Washington n’a plus qu’un « Institut américain » et non une ambassade à Taipei mais s’est, en échange, engagé par un texte de loi à défendre Taïwan en cas d’attaque du continent et maintient avec l’île des liens culturels et politiques étroits. Tout contact direct au niveau des chefs d’Etat a cependant été évité depuis, pour maintenir le complexe équilibre diplomatique entre la Chine et les Etats-Unis.

Rupture avec les usages en vigueur

Le président élu Donald Trump a rompu avec cet usage en acceptant, vendredi 2 décembre 2016, un appel de félicitations de Mme Tsai, suite à son élection. Puis il a ajouté à la colère de la République populaire de Chine par un tweet qui semblait piétiner l’usage qui a prévalu pendant plus de quatre décennies :

« Intéressant comme les Etats-Unis vendent pour des milliards de dollars d’équipement militaire mais je ne devrais pas accepter un appel de félicitations. »

La Chine a vivement protesté suite à cet échange téléphonique qui, loin d’être une maladresse ponctuelle, était anticipé, selon la presse américaine. Un ancien sénateur devenu lobbyiste, Bob Dole, a touché 140 000 dollars (132 000 euros) entre mai et octobre 2016 des autorités taïwanaises pour les aider à établir des liens avec l’équipe de M. Trump.

Les affaires ne sont jamais loin.
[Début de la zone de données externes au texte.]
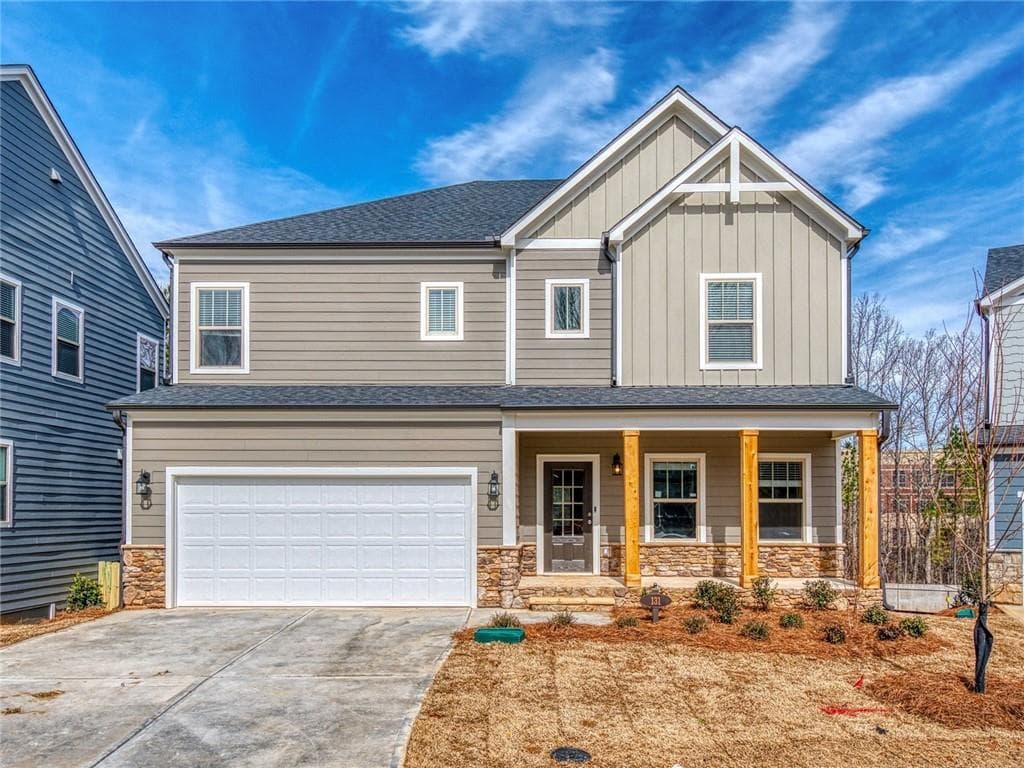 5 bedroom, 3,013 sq ft single family residence sold at 131 Grove View Road, Woodstock, GA 30189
Quelques semaines avant cet appel, une représentante du groupe Trump avait rencontré le maire de Taoyuan, la commune du grand Taipei où est situé l’aéroport international. Elle lui a dit tout l’intérêt de l’organisation, qui souhaite investir dans un nouveau complexe hotelier et commercial envisagé proche des pistes.

Le futur président a encore renforcé l’inquiétude de la Chine continentale en répondant « we’ll see » (« on verra ») à un journaliste qui lui demandait, le 31 décembre, s’il comptait rencontrer Tsai Ing-wen.

Démonstration militaire

Depuis l’appel, Pékin a activé plusieurs leviers de dissuasion. Après une trêve dans la guerre des reconnaissances diplomatiques pour accommoder Ma Ying-jeou, qui, à la présidence taïwanaise de 2008 à mai 2016, a œuvré au rapprochement économique avec le continent, la République populaire a repris l’offensive.
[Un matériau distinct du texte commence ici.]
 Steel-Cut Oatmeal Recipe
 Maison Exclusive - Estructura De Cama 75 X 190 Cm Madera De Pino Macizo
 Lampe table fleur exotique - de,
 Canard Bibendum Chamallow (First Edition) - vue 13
Pékin a ainsi convaincu Sao Tomé-et-Principe d’établir des liens diplomatiques avec lui. Au lendemain de ce basculement, opéré le 21 décembre 2016, Taipei a reproché à ce petit Etat au large de l’Afrique de l’Ouest de céder « au plus offrant » – un jeu diplomatico-financier que Taïwan a pourtant longtemps pratiqué.

La démonstration est également militaire. L’unique porte-avions chinois, le Liaoning, est pour la première fois sorti dans le Pacifique autour de Noël, passant entre le nord de Taïwan et l’archipel japonais d’Okinawa, encadré par cinq autres navires. Puis il a franchi le détroit séparant le sud de Taïwan du nord des Philippines pour parvenir en mer de Chine méridionale, un parcours qui se voulait un message explicite à destination de Taipei et Washington.

Bien que jugée faible, la probabilité que M. Trump en personne rencontre Mme Tsai inquiète la Chine, déboussolée par le caractère du futur chef d’Etat américain, qui a promis d’être « imprévisible » et n’a pas calmé le jeu depuis.

Pékin voit se profiler un rapide rapprochement russo-américain alors qu’il avait pu profiter des tensions entre Moscou et Washington pour développer ses propres capacités de réaction ces dernières années.

Qu’il s’agisse du commerce, du cours du yuan ou de Taïwan, la Chine constate chaque jour un peu plus qu’elle est dans le viseur du nouveau président. Dans ce contexte, même une rencontre de Mme Tsai avec une personnalité proche de M. Trump et non avec lui-même sera vue comme un défi.